Ações trabalhistas sobre discriminação mais que dobram em dez anos

O número de ações sobre discriminação mais do que dobrou na Justiça do Trabalho entre os anos de 2014 e 2024. De 314 casos registrados em 2014, o número passou para 861 no ano passado, um salto de 174%. Entre os processos, o assunto mais comum é o da discriminação racial.
Até o início de junho deste ano, a Justiça do Trabalho recebeu um total de 6.954 processos sobre discriminação, direta ou indireta. No total, eles discutem R$ 1,25 bilhão. Em média, cada pedido, de indenização por dano moral, gira em torno de R$ 200 mil. Na discriminação indireta, critérios aparentemente neutros prejudicam de forma desproporcional um grupo específico de pessoas.
As comarcas com maior número de casos distribuídos são São Paulo (SP), Montenegro (RS), Belo Horizonte (MG), Rio de Janeiro (RJ) e Salvador (BA).

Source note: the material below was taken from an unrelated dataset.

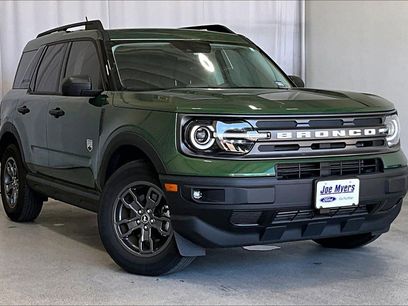Used 2023 Ford Bronco Sport Big Bend w/ Convenience Package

As atividades econômicas mais acionadas são serviços financeiros, fabricação de alimentos, serviços de saúde, comércio varejista e serviços de apoio a escritório.
Um caso de discriminação direta foi julgado, recentemente, pelo Tribunal Regional do Trabalho de São Paulo (TRT-SP). O trabalhador de uma fabricante de ferramentas dizia a um colega coisas como “preto tinha que nascer tudo morto” e fazia “piadas” com “macaco” para se referir a ele (processo nº 1000503-02.2025.5.02.0372).

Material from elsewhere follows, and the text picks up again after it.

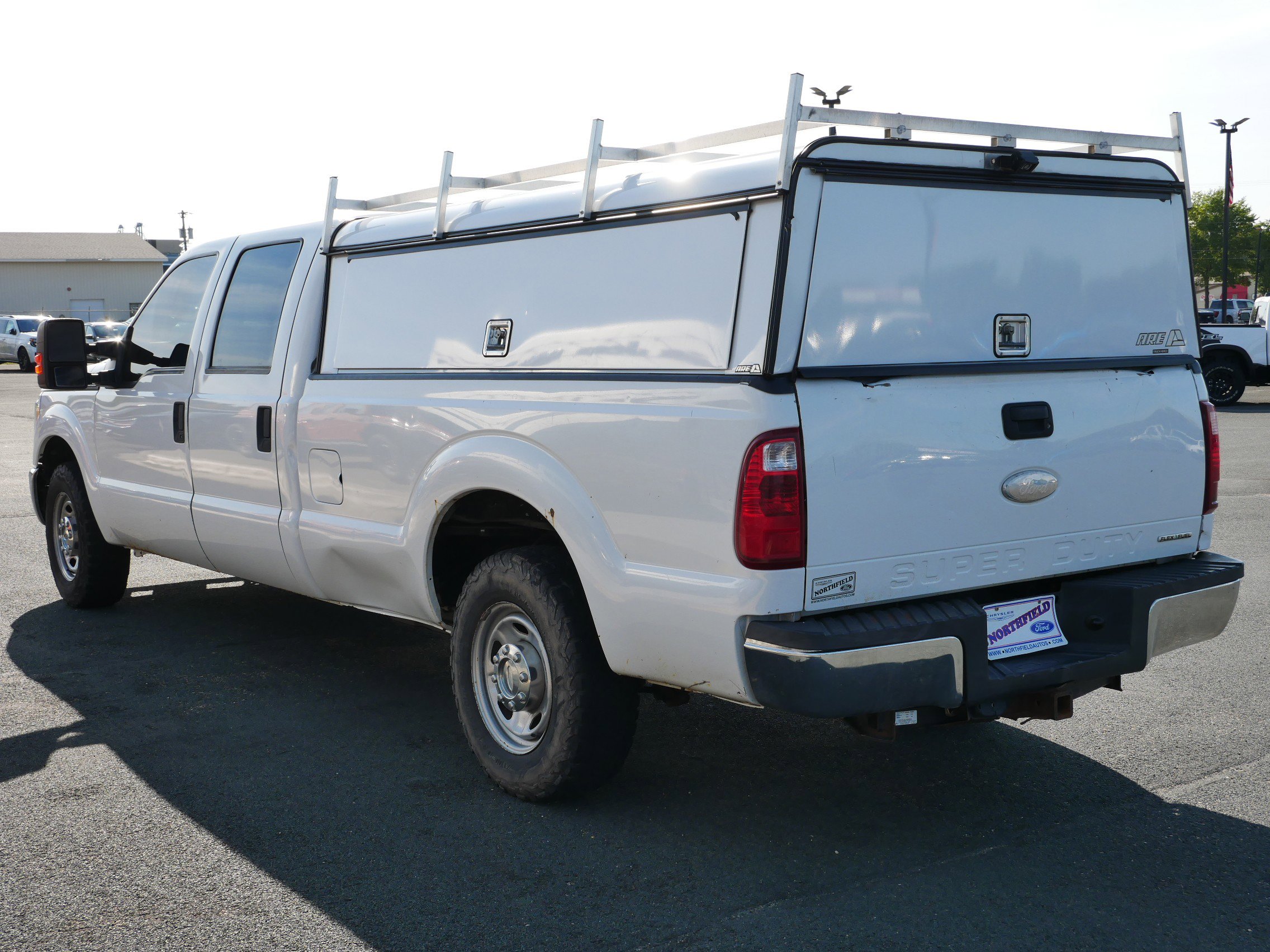 2012 Ford F-250 XL photo 5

A decisão cita o conceito de “racismo recreativo”, conforme o protocolo do CNJ, que consiste na reprodução de estereótipos negativos sobre pessoas não brancas, para justificar a condenação da empresa ao pagamento de R$ 24,5 mil a título de danos morais ao trabalhador.
Um exemplo célebre da discriminação indireta em processo trabalhista, segundo especialistas, é o caso do “menino Miguel”, que morreu ao cair de um prédio no Recife, quando estava sob supervisão da patroa da mãe – esposa do então prefeito de Tamandaré, cidade a pouco mais de cem quilômetros do Recife. O TRT de Pernambuco decidiu que a dinâmica de trabalho era permeada por atos “estruturalmente discriminatórios”, e que “gira em torno da cor da pele, do gênero e da situação socioeconômica” da categoria das trabalhadoras domésticas.

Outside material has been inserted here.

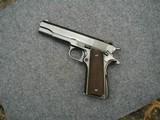 GREAT 1941 COLT W.B. INSPECTED, BLUE SERVICE ACE - 4 of 13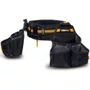 Conjunto Cinto e Porta Ferramentas de 3 peças ClipTech - Toughbuilt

Os desembargadores concluíram que foi o racismo operante no mundo do trabalho que permitiu a naturalização da fraude contratual contra as empregadas negras, que eram formalmente contratadas pela prefeitura, mas prestavam serviço para a família do prefeito. O Tribunal Superior do Trabalho (TST), apesar de não analisar o mérito, manteve a decisão (processo nº 597-15.2020.5.06.0021). A defesa do prefeito e de sua esposa apresentou recurso (embargos de declaração), que ainda não foi apreciado.
Em um processo julgado no TRT da Bahia, uma trabalhadora do varejo era alvo de piadas do gerente, de colegas e de lideranças por usar acessórios relacionados à umbanda. Os colegas diziam que “ela ia baixar o santo” quando tocava música e não iria para o céu porque adorava o diabo. Citando o protocolo, o TRT pontuou que a empresa não adotou “qualquer movimento para interromper a situação”, arbitrando uma condenação por danos morais em R$ 20 mil (processo nº 0000280-78.2024.5.05.0611).
Entre os demais tipos de discriminação, destacam-se os relacionados ao gênero e à sexualidade, além dos casos de pessoas com deficiência. O TRT de São Paulo, por exemplo, reconheceu, em um processo contra uma empresa pública, que um funcionário foi vítima de capacitismo ao ser excluído do concurso para motorista por ter visão monocular, sem que a houvesse avaliação da possibilidade de adaptação e inclusão do empregado com deficiência. A empresa foi condenada a promovê-lo e a pagar a diferença salarial entre os cargos (processo nº 1002036-89.2024.5.02.0611).